I have a Christmas card for my friend, who is from Czech republic. At the bottom of it I want to write, 'Merry Christms & good luck for 2009!' So what do I say..? (We are both girls & she is a good friend.)
Sorry if this sounds like something I could just look up, but I have NO IDEA how to speak Czech. She tells me it is harder to learn than English, & that it has a lot of complicated grammar. And I really want to get it right.
-DIK


----------



## tlumic

Ahoj,
the easier and the most normal and common is to say:

Veselé Vánoce a šťastný Nový rok!

Ed.: Well, I think I should rather write: "...and common is to WRITE:...". Because "Veselé Vánoce a šťastný Nový rok" is the typical form (a little formal) that we use in greeting cards.


----------



## winpoj

I agree.

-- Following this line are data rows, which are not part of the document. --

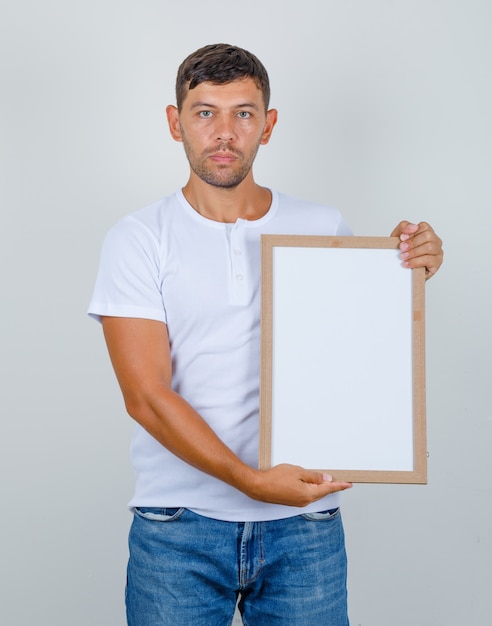 Foto grátis jovem em t-shirt e jeans, segurando um quadro branco, vista frontal.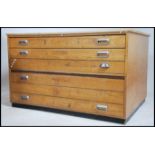 A mid century oak architects plan chest of drawers. The large body with an upright bank of drawers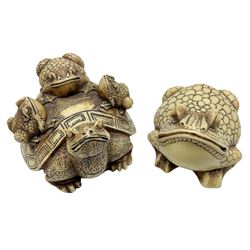 Two netsuke, comprising an example modelled with three frogs upon the shell of a tortoise together with a frog with scaled body, largest L8cm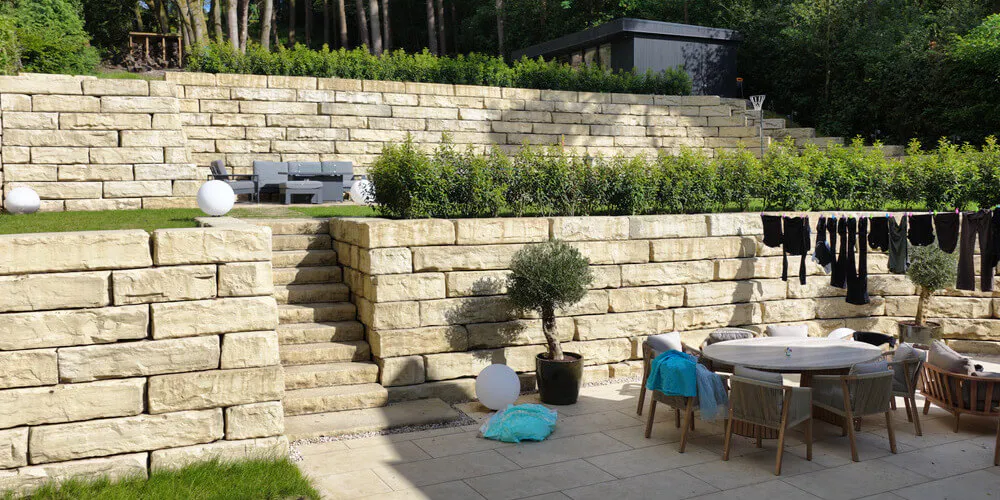 The multiple tiers provide a variety of uses and also support a separate outbuilding.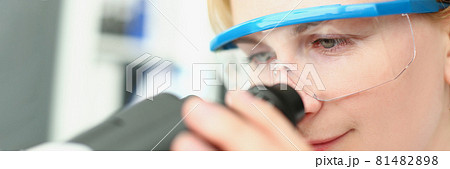 Woman chemist in safety glasses looking through microscope Woman chemist in safety glasses looking through microscope 81482898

But it's also possible to use a bit more literal translation: "Veselé Vánoce a hodně štěstí v roce 2009."


----------



## werrr

tlumic said:


> Ahoj,
> the easier and the most normal and common is to say:
> 
> Veselé Vánoce a šťastný nový rok!
> 
> Ed.: Well, I think I should rather write: "...and common is to WRITE:...". Because "Veselé Vánoce a šťastný nový rok" is the typical form (a little formal) that we use in greeting cards.



šťastný nový rok = Happy New Year
šťastný Nový rok = Happy New Year’s Day


----------



## tlumic

werrr said:


> šťastný nový rok = Happy New Year
> šťastný Nový rok = Happy New Year’s Day


 
Yeah, thank you.


----------